Feliz siglo, Saramago
Foto: Efe

Jerónimo y Josefa dormían con cerdos. La única propiedad de estos dos viejos, secos como troncos de olivos, era una mísera cría de puercos, que después del destete vendían en la aldea. En las noches de diciembre, el frío incluso helaba el agua de las vasijas que se encontraban dentro de la choza y le daba sustancia a los susurros del matrimonio: su aliento tomaba forma y flotaba en forma de palabras congeladas. 

Elegían, entonces, a los lechones más débiles, enclenques desahuciados, ya condenados a morir de frío, y los metían en su cama; los arropaban en las ásperas colchas y, con sus cuerpos marchitos, les brindaban el calor que les arrancaba la naturaleza.

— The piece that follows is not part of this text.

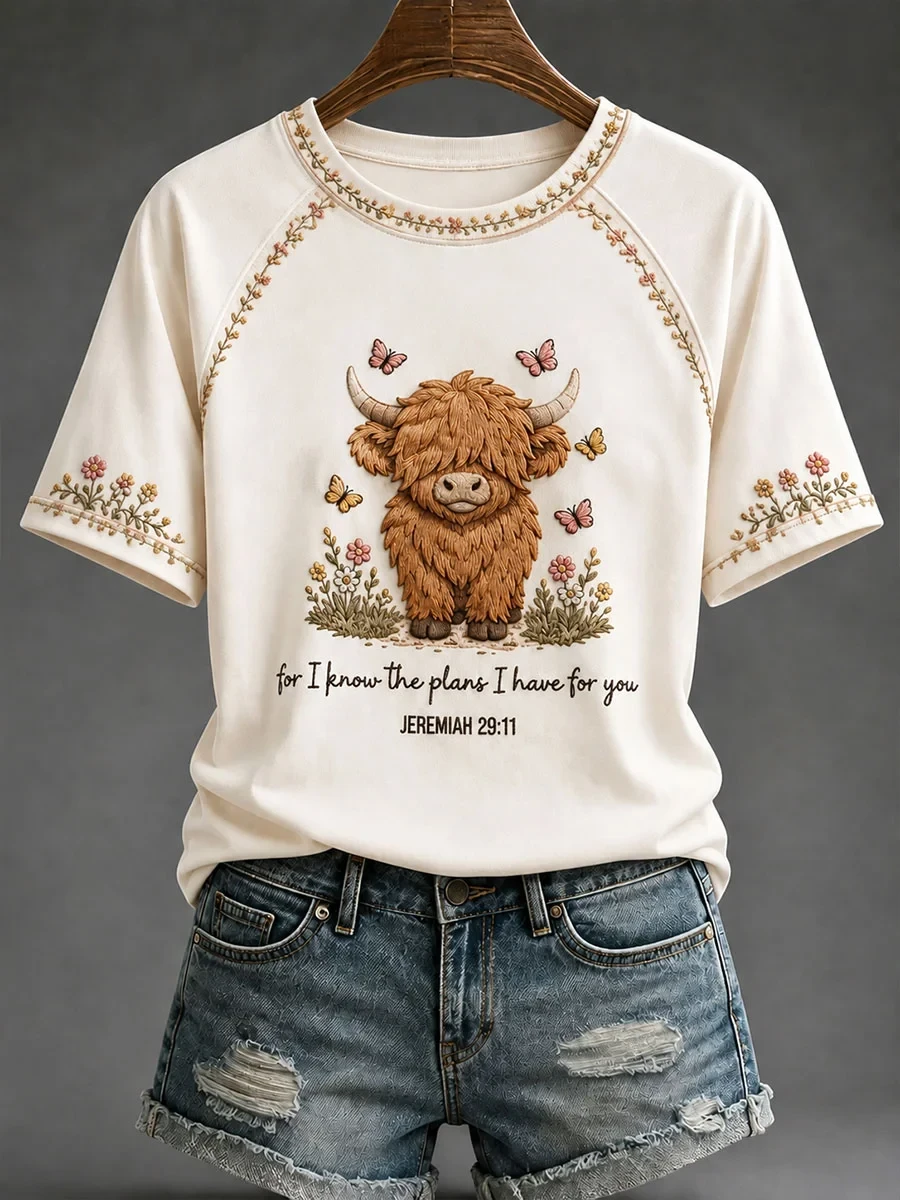 Highland Cow For I Know The Plans I Have For You T-Shirt Faith Based Apparel Bible Gifts - Kdjoy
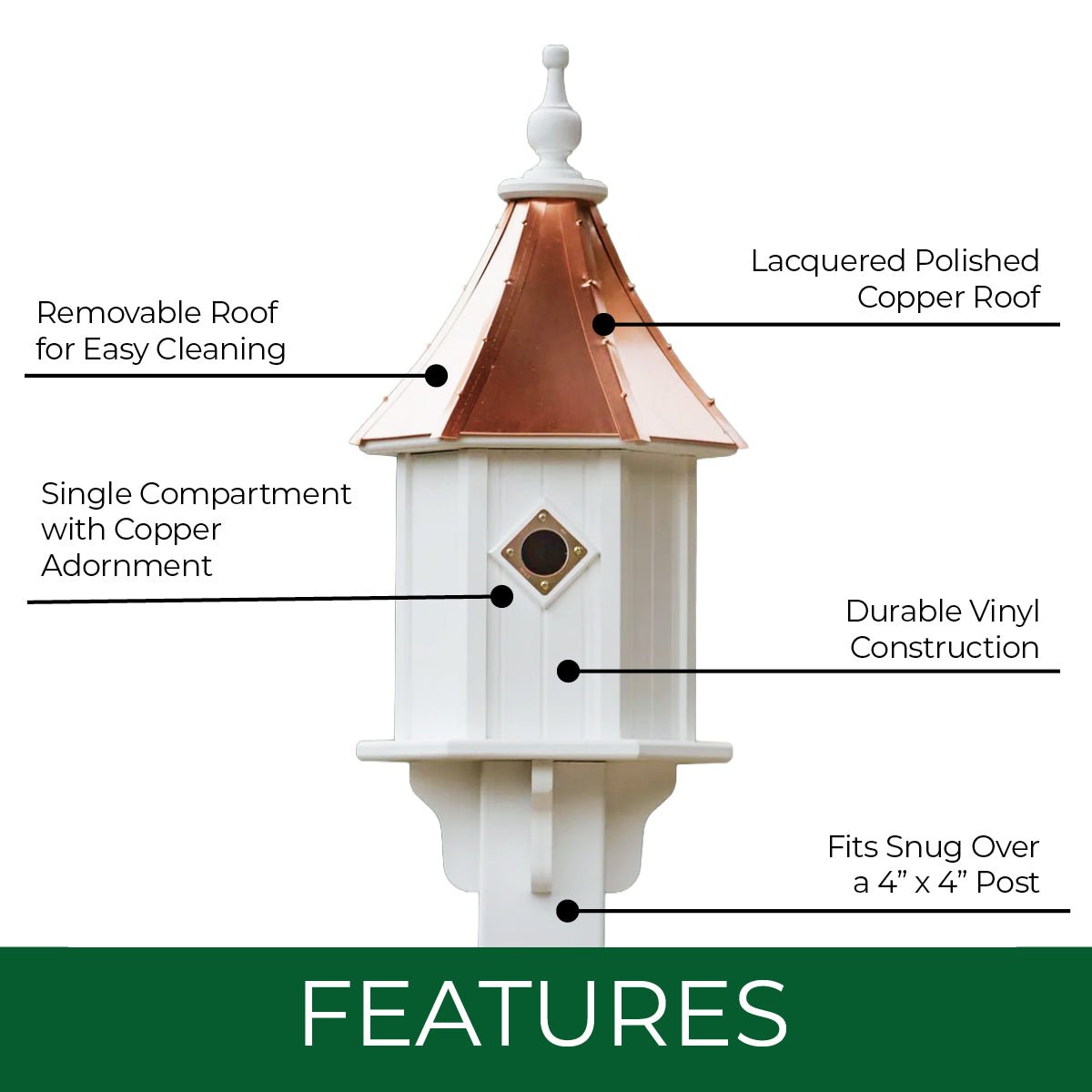 Folly Bird House — Polished Copper Roof - Good Directions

Así sobrevivían los animales y también el hombre y la mujer, asegurando su patrimonio con ese rescoldo que ardía en sus almas; una estufa de sentido común. 

“Aunque fuera gente de buen carácter, no era por primores de alma compasiva por lo que los dos viejos procedían así: lo que les preocupaba, sin sentimentalismos ni retóricas, era proteger su pan de cada día, con la naturalidad de quien, para mantener la vida, no aprendió a pensar mucho más de lo que es indispensable”, recordó su nieto años después. 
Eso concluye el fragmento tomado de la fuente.